Team passing styles in Allsvenskan 2021

December 4, 2022 16 minute read

Short or long? Slow build-up or fast counter attack? Central or wide? These are all questions you may ask yourself when trying to describe how a team plays football. Can we find out the answers to (some of) these questions by analyzing passes made by each team?

Following my previous post on detecting player passing style, let us now shed light on how the the passing styles varied among the teams in Allsvenskan 2021 by clustering.

Introduction

No action is as prevalent in the game of football as the pass, whether it be a short pass between center-backs or an attempt at a crucial through ball to send the striker through on goal. It has been found that approximately 65% of all actions are passes [1]. As it is by far the most common action in football, passes represent a crucial component of a team’s playing style. When watching games we can see how different teams structure their possession in various ways. Can we also find similar patterns from data analysis of passing play? Join me in finding out the answer to this question!

For the code of this analysis, refer to this Github repo.

Data

The data originates from the open data repository of PlaymakerAI and without it, the rest of this work would not be possible.

As for the data used for the analysis, it contains all games in Allsvenskan during the 2021 season. Each game consists of approximately 1200-1500 actions that describe the events that take place during a game, e.g., passes, shots, tackles etc. Furthermore, each action is also described by what (the action taking place), who (the player and team performing the action), where (start and end $x$ and $y$ coordinates), and when (start and end time).

Pitch plot

To give a feeling of where the actions take place, refer to the following figure: pitch

where each team always attacks left to right.

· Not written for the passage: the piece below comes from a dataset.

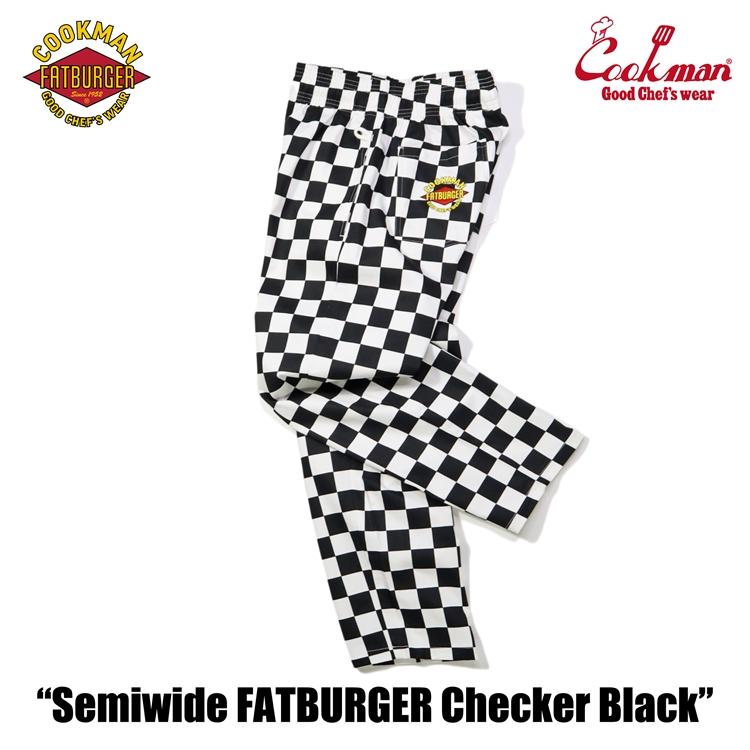 COOKMAN（クックマン） Chef Pants Semiwide FATBURGER Checker Black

Selecting passing variables

From the data, the first step was to determine which passing variables could be derived and analyzed. The following variables were included:

Variable	Description	Length	Outcome
Assist	Pass leading to goal.	Long/Medium/Short	Success
Cross	Pass from the wing to the central attacking third.	Long/Medium/Short	Success/Fail
Final third entry	Pass from outside that enters the final third.	Long/Medium/Short	Success/Fail
Key pass	Pass leading to a shot or goal scoring opportunity.	Long/Medium/Short	Success
Pass into the box	A pass that ends inside the penalty box.	Long/Medium/Short	Success/Fail
Pass	All passes, with the exception of goal kicks.	Long/Medium/Short	Success/Fail
Progressive pass	According to the Wyscout definition.	Long/Medium/Short	Success/Fail
Wing switch	A pass going from wing to wing, at least half the pitch width.	Long/Medium	Success/Fail

Variables regarding corners and clearances were excluded due to the corners not being in open play and clearances not always being a pass, as well as lacking end coordinates.

Exploring passing variables

Prior to the analysis, we can as a first step investigate the number of passes per category as well as their rate of success. The counts given are total for all teams and games across the entire season. Also note the fact that they y-axes are different for each plot.

examination

Preprocessing

After retrieving the data the next step is to process it such that an analysis can be performed. In particular, the data should be transformed from long to wide.

Data in long format is characterized by multiple rows describing the same action, e.g., a pass that is also a cross would therefore span two rows, one for the pass and another for the cross. However, for the analysis that will follow, the data should be in wide format, where each row describes a unique action. In the wide representation, each action will therefore be represented by the most succinct action, where in the previous example the pass would be be described as a cross (as a cross is also a pass, but the opposite need not be true).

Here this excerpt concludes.